No pictures belong in the result; set down exactly the lines from the one containing "Makita Specialized, Metall, 18,5" through the final line of the listing, and nothing more.

▸ **Data segment**
+===+

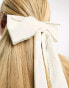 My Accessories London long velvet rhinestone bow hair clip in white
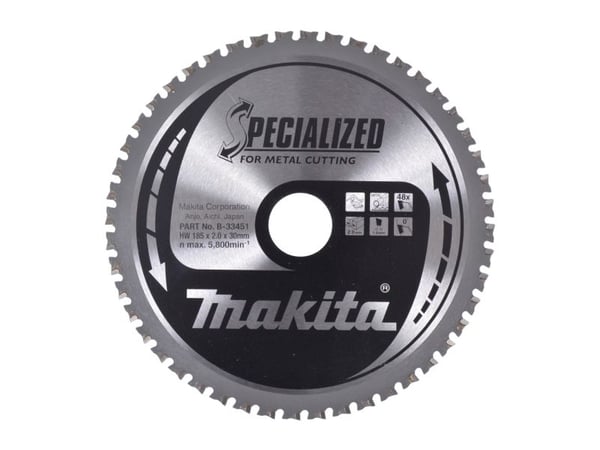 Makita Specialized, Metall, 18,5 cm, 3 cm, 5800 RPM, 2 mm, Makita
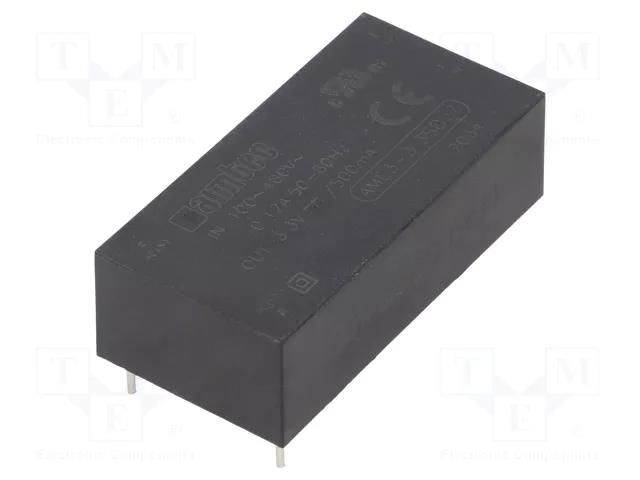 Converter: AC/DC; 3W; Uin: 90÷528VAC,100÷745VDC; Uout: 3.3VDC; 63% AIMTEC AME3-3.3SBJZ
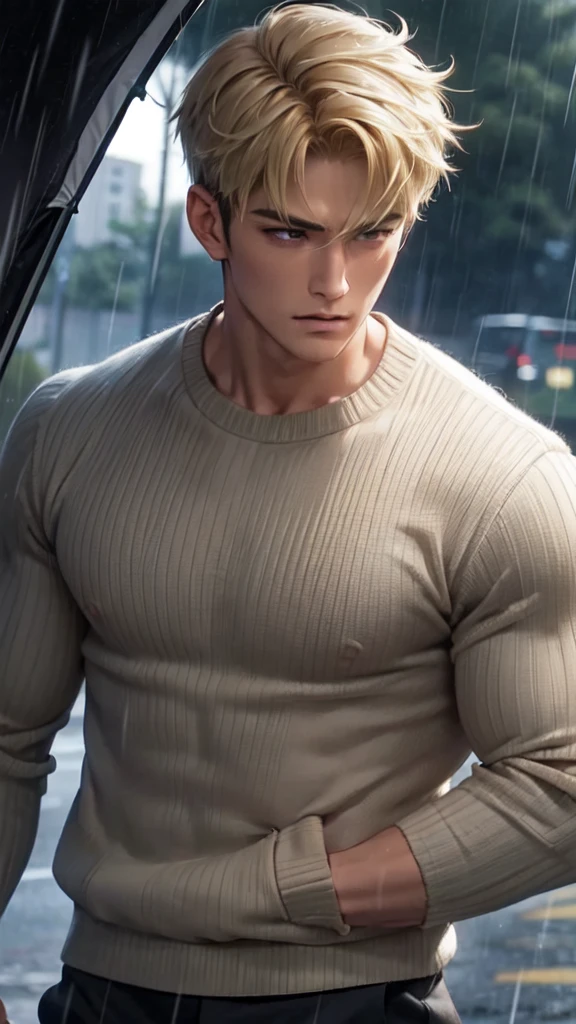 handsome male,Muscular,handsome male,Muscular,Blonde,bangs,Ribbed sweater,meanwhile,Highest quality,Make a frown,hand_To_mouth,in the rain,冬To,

+===+

▸ **Final answer**
 Makita Specialized, Metall, 18,5 cm, 3 cm, 5800 RPM, 2 mm, Makita
 Converter: AC/DC; 3W; Uin: 90÷528VAC,100÷745VDC; Uout: 3.3VDC; 63% AIMTEC AME3-3.3SBJZ
 handsome male,Muscular,handsome male,Muscular,Blonde,bangs,Ribbed sweater,meanwhile,Highest quality,Make a frown,hand_To_mouth,in the rain,冬To,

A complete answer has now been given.